Listed records -

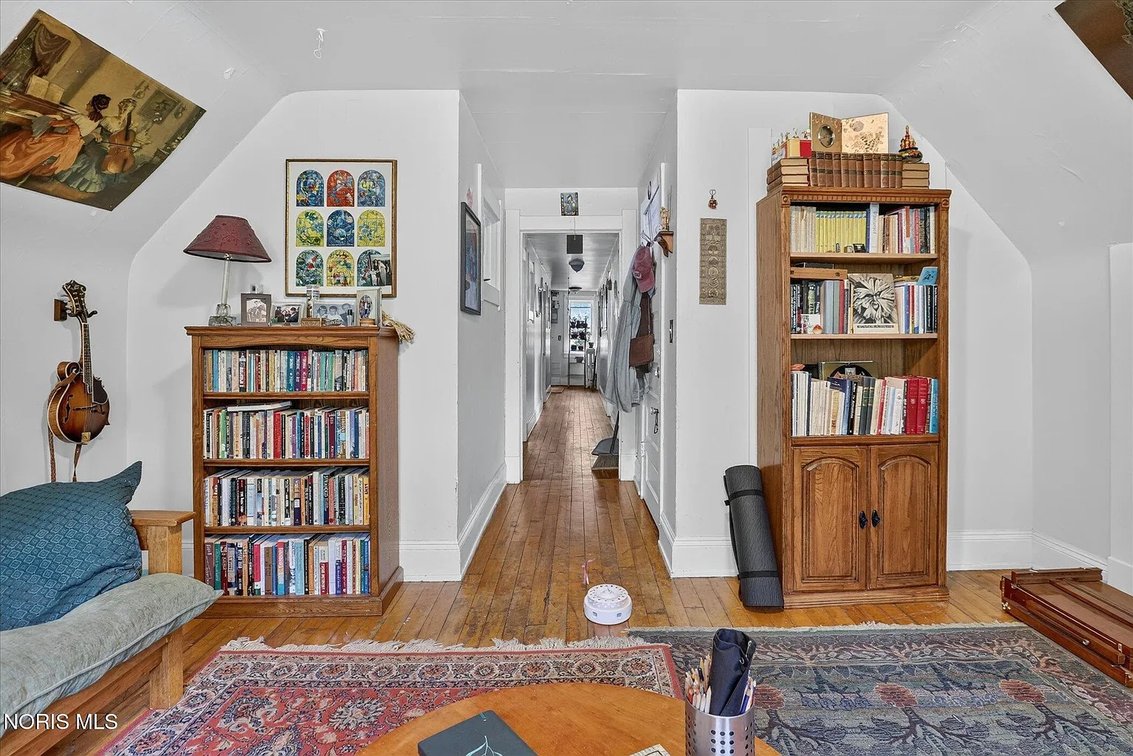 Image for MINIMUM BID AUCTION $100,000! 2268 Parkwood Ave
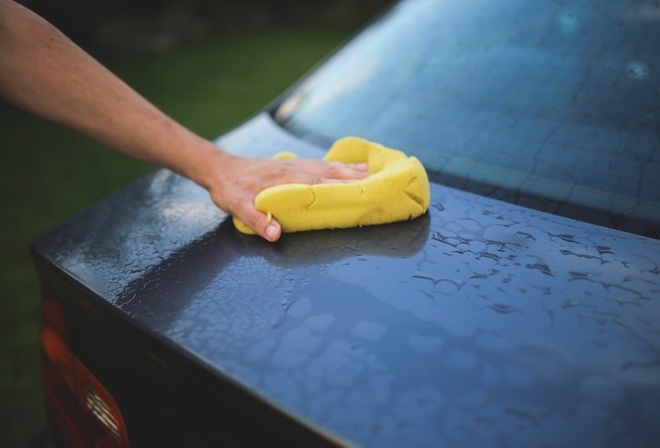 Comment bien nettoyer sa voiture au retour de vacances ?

---

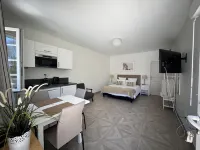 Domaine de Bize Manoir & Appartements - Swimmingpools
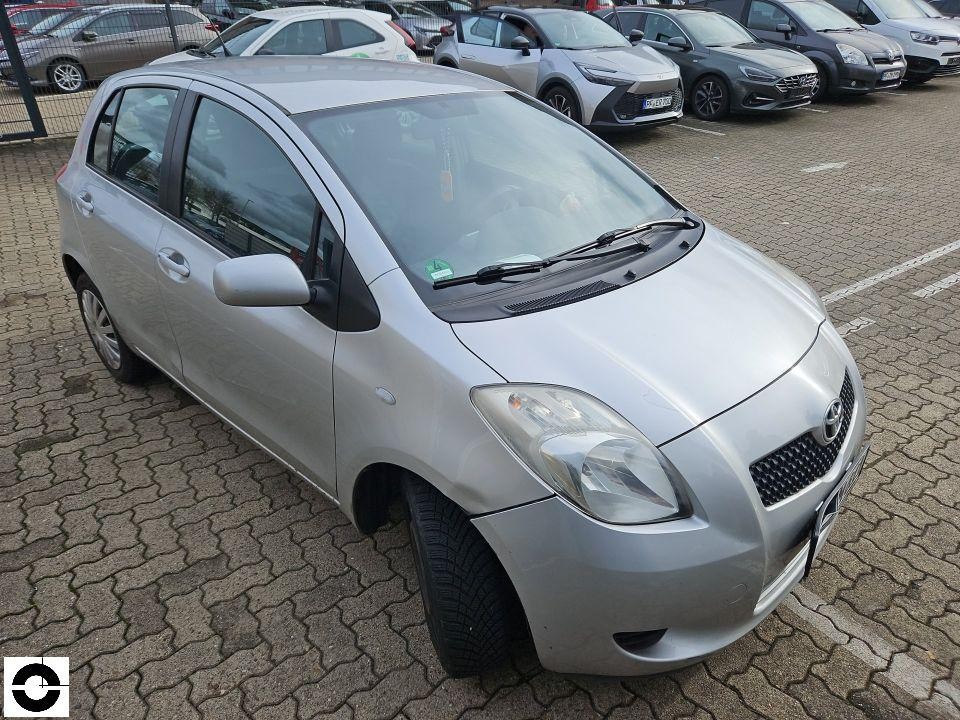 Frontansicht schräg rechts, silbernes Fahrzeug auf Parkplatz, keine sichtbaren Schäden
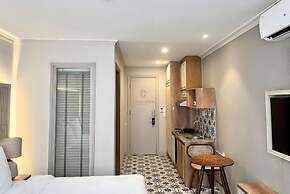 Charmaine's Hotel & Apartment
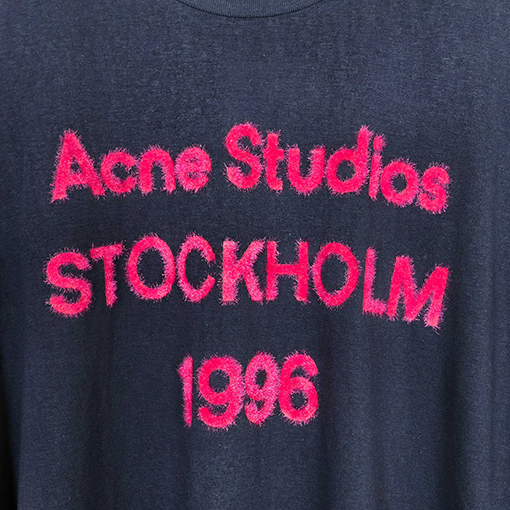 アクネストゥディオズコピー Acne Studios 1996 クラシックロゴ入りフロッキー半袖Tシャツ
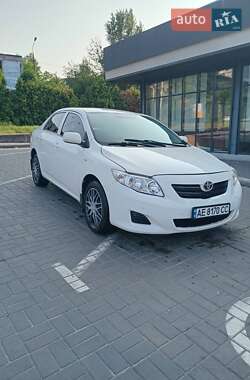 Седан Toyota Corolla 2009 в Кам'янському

---

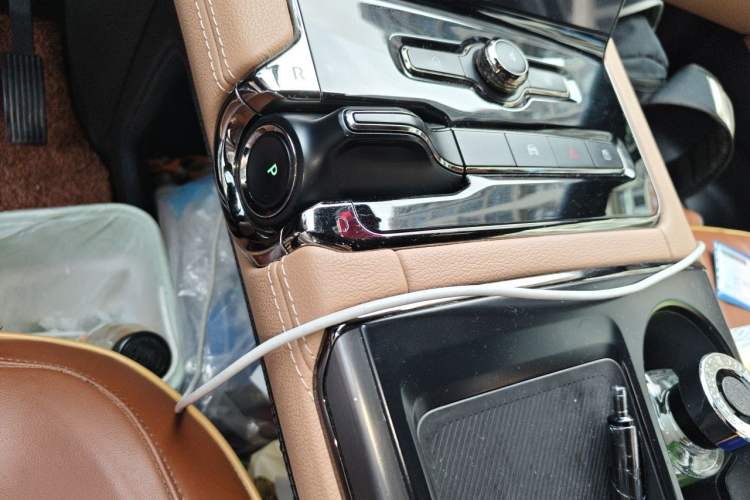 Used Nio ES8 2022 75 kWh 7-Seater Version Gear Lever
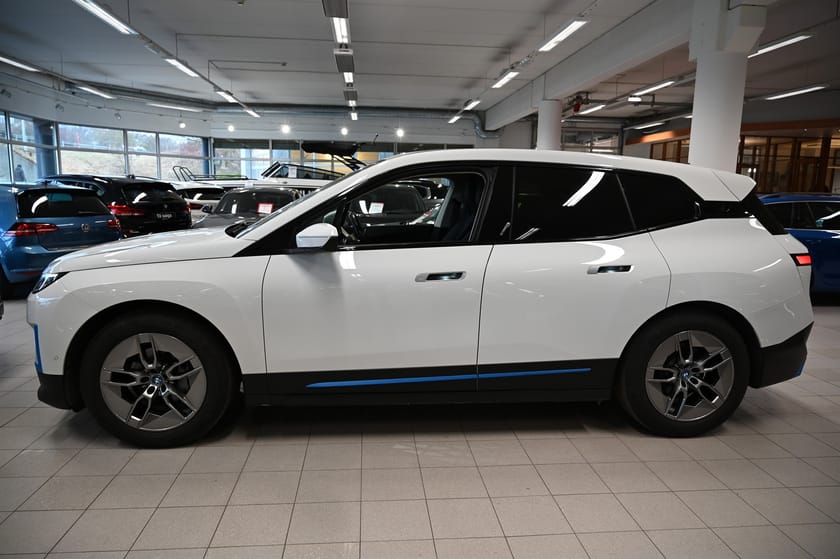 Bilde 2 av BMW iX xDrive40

Assignment - Give the lines above again exactly, from the one containing "Image for MINIMUM" to the one containing "Comment bien nettoyer", both included, but leave out the pictures.

Exercise result -
 Image for MINIMUM BID AUCTION $100,000! 2268 Parkwood Ave
 Comment bien nettoyer sa voiture au retour de vacances ?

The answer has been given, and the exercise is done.